Colony Counter

How to Calculate CFU per mL: Formula and Examples

Once you have a colony count, the CFU/mL formula turns it into a concentration. This guide gives the formula, explains the dilution factor and plated volume, and works through examples step by step.

After you count the colonies on a plate, you need to convert that raw number into the concentration of viable cells in the original sample. That concentration is expressed in CFU per millilitre.

The CFU/mL formula

CFU/mL = number of colonies ÷ (dilution factor × volume plated)

Each term matters:

  • Number of colonies — the count from a plate inside the 30–300 range.
  • Dilution factor — how much the sample was diluted before plating, written as a fraction such as 10⁻⁶ (one millionth).
  • Volume plated — the volume of diluted sample spread on the plate, in millilitres (often 0.1 mL or 1 mL).

Understanding the dilution factor

Samples are usually diluted in a ten-fold series: 1 mL of sample into 9 mL of diluent, repeated several times. Each step multiplies the dilution by ten. After six steps the dilution factor is 10⁻⁶ — the plated suspension is one millionth the concentration of the original. You divide by this factor to scale the count back up to the original sample.

Worked example 1

Suppose you count 150 colonies on a plate from the 10⁻⁶ dilution, and you plated 0.1 mL:

  • CFU/mL = 150 ÷ (10⁻⁶ × 0.1)
  • CFU/mL = 150 ÷ (10⁻⁷)
  • CFU/mL = 150 × 10⁷ = 1.5 × 10⁹ CFU/mL

So the original sample contained about 1.5 billion colony forming units per millilitre.

Worked example 2

Now suppose you count 62 colonies from the 10⁻⁴ dilution and plated a full 1 mL:

  • CFU/mL = 62 ÷ (10⁻⁴ × 1)
  • CFU/mL = 62 × 10⁴ = 6.2 × 10⁵ CFU/mL

Step-by-step method

  1. Count the colonies on a plate in the 30–300 countable range.
  2. Write down the dilution factor of that plate.
  3. Note the volume you plated, in millilitres.
  4. Divide the colony count by (dilution factor × volume plated) to get CFU/mL.
  5. Report the result in scientific notation, for example 6.2 × 10⁵ CFU/mL.

Common mistakes

  • Forgetting the plated volume: if you spread 0.1 mL but divide as if you plated 1 mL, your result is ten times too low.
  • Using a plate outside the countable range: a count from a TNTC or TFTC plate makes the whole calculation unreliable.
  • Mixing up dilution steps: double-check how many ten-fold steps were actually performed.

From count to CFU, faster

The arithmetic is simple once you have an accurate colony count — and an accurate count is the hard part on dense plates. Use the free online colony counter to count from a photo, then apply the formula above to report CFU/mL.

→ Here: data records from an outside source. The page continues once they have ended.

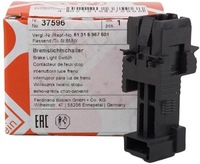 фото thumb №10, Выключатель света стоп febi bilstein 37596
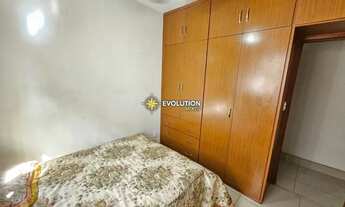 Imagem 4: Casa para venda tem 180 metros quadrados com 3 quartos em Rio Branco - Belo Horizonte - MG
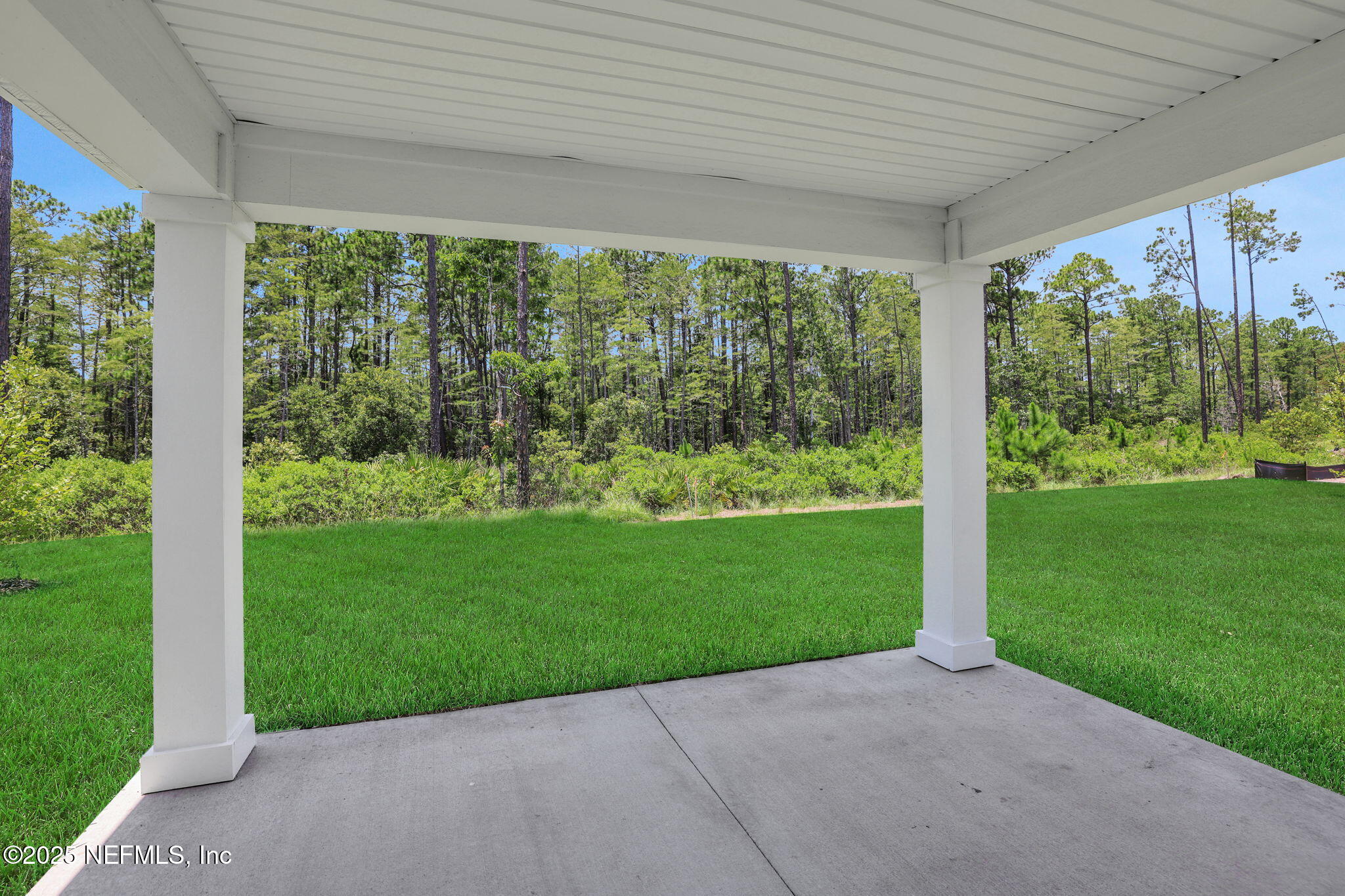 359 Pinzon Place St. Augustine, FL 32095 - Photo 6 of 32 6-web-or-mls-2Z2A8868 (2)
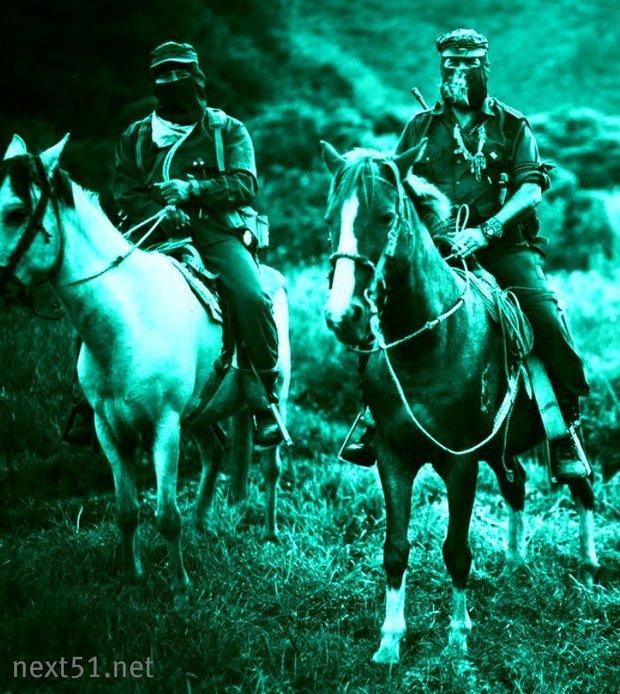 5 000e article sur next51.net, actualité iPhone - iPad - Apple...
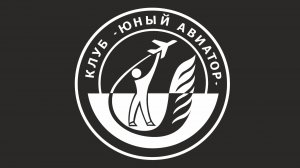 Областное первенство по авиамоделированию.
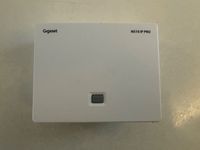 Gigaset N510 IP Pro DECT Basisstation VOIP POE Netzwerk Niedersachsen - Lilienthal Vorschau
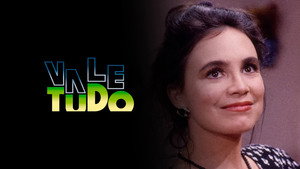 Vale Tudo 13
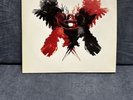Only By the Night by Kings of Leon (Record, 2008)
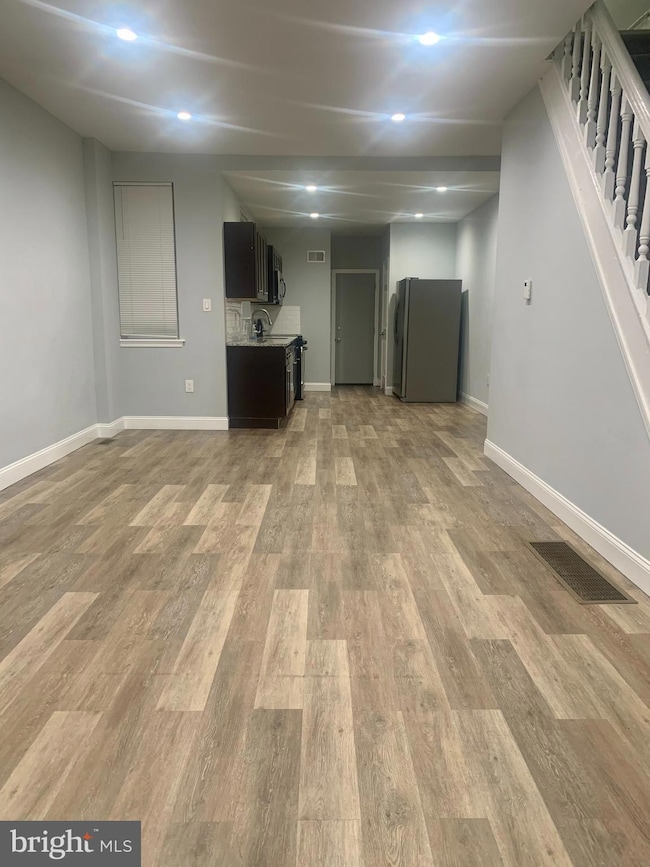 117 N Wilton St, Philadelphia, PA 19139 - photo 3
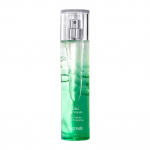 Eau des Vignes Fresh Fragrance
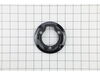 Shield – Part Number: 3127655001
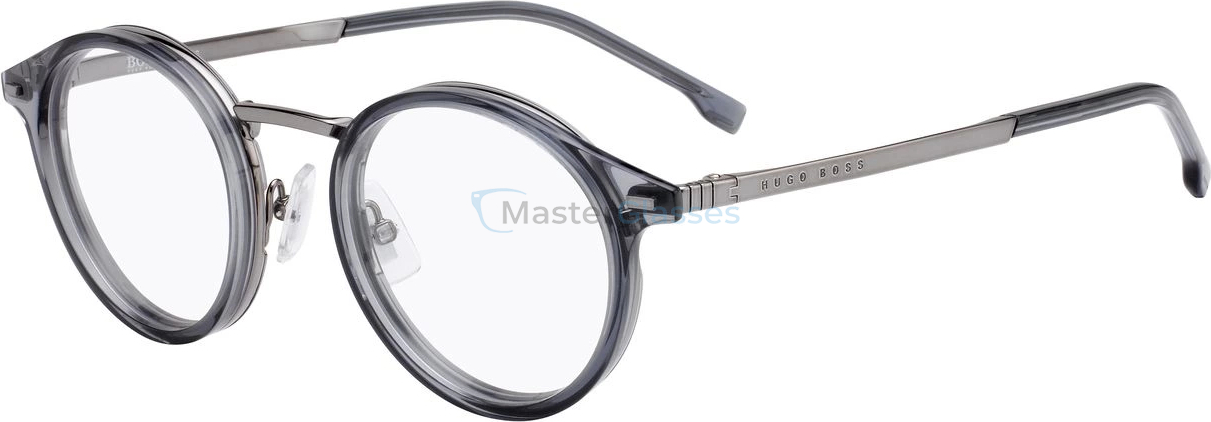 Оправа HUGO BOSS 1056 KB7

Frequently asked questions

What is the formula for CFU per mL?

CFU/mL = number of colonies ÷ (dilution factor × volume plated in mL). The colony count comes from a plate in the 30–300 range; the dilution factor and plated volume describe how the sample was prepared.

What is the dilution factor?

The dilution factor is the total amount the original sample was diluted before plating. In a ten-fold series, each step multiplies the dilution by 10, so three steps give a dilution factor of 10⁻³ (or 1/1000).

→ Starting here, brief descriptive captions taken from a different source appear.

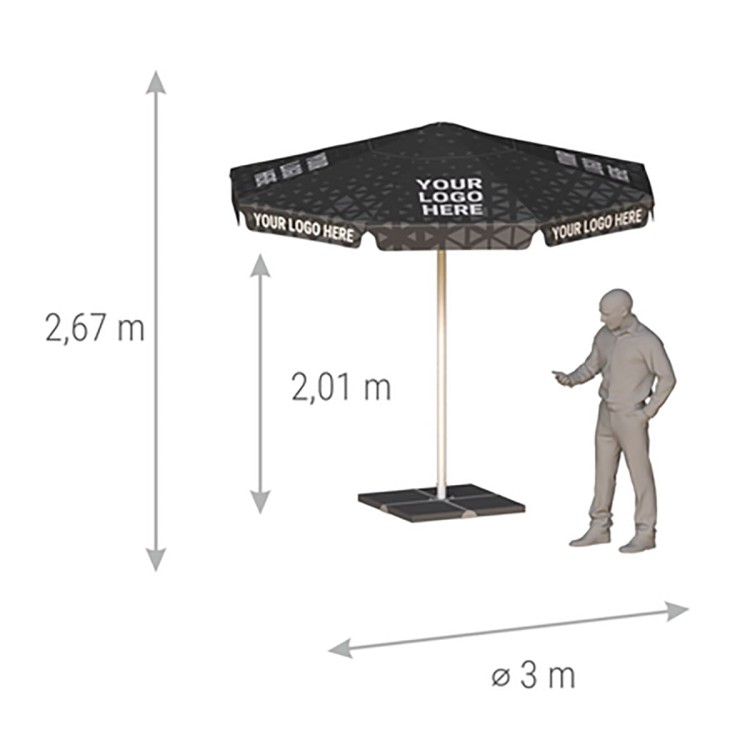 parasol-reklamowy-fi-3-san-carlos.jpg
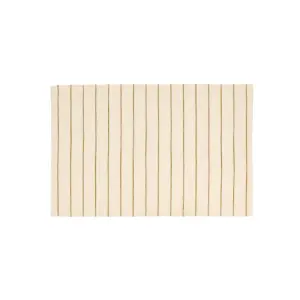 Wool carpets Södahl image-0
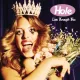 Cover: Violet (Live)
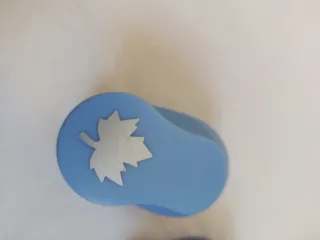 Lote 3 cortadores de papel.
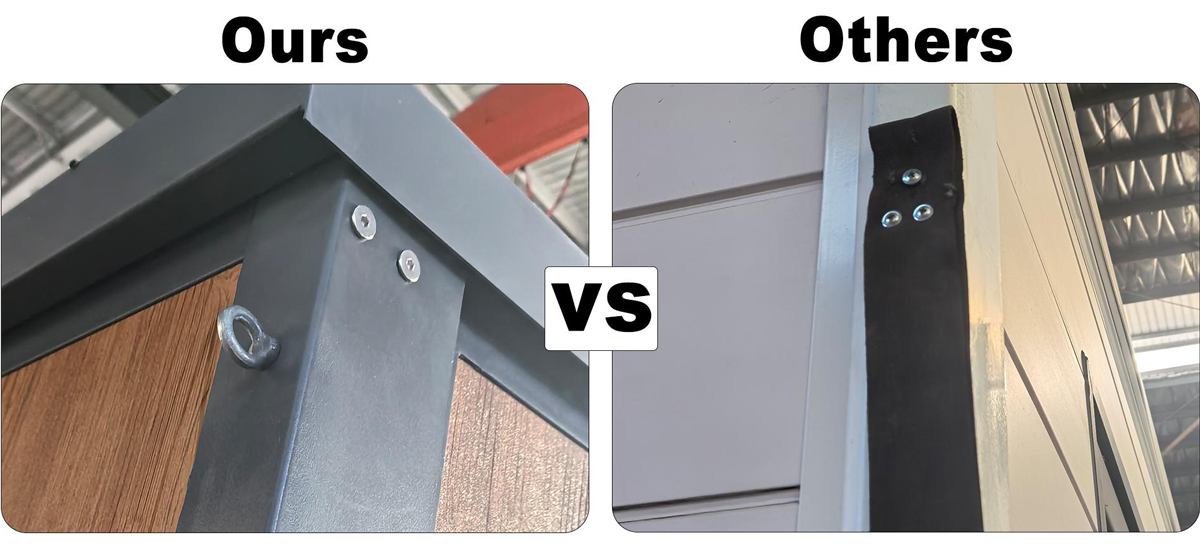 Expandable-Container-House-details-15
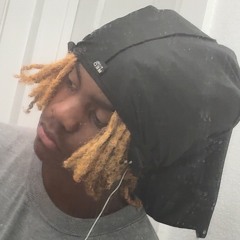 sexnlove (wokmonty NOTMYSONG)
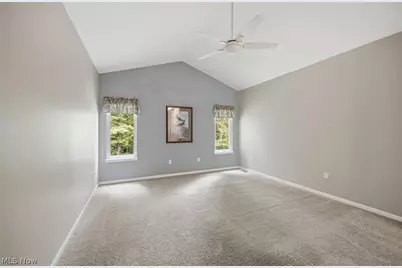 9628 Scottsdale Drive, Grandview Heights, OH 44147 - Photo 18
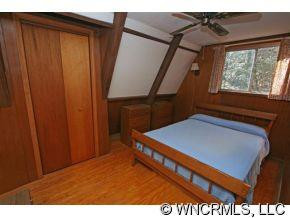 125 Anglers Way - Photo 6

Do I divide by the volume plated?

Yes. If you plated less than 1 mL — commonly 0.1 mL for a spread plate — you divide by that volume to scale the count back up to a per-millilitre basis.

How do I report CFU when two plates are countable?

If two consecutive dilutions both fall in the 30–300 range, calculate CFU/mL from each and average the results, provided they are reasonably close.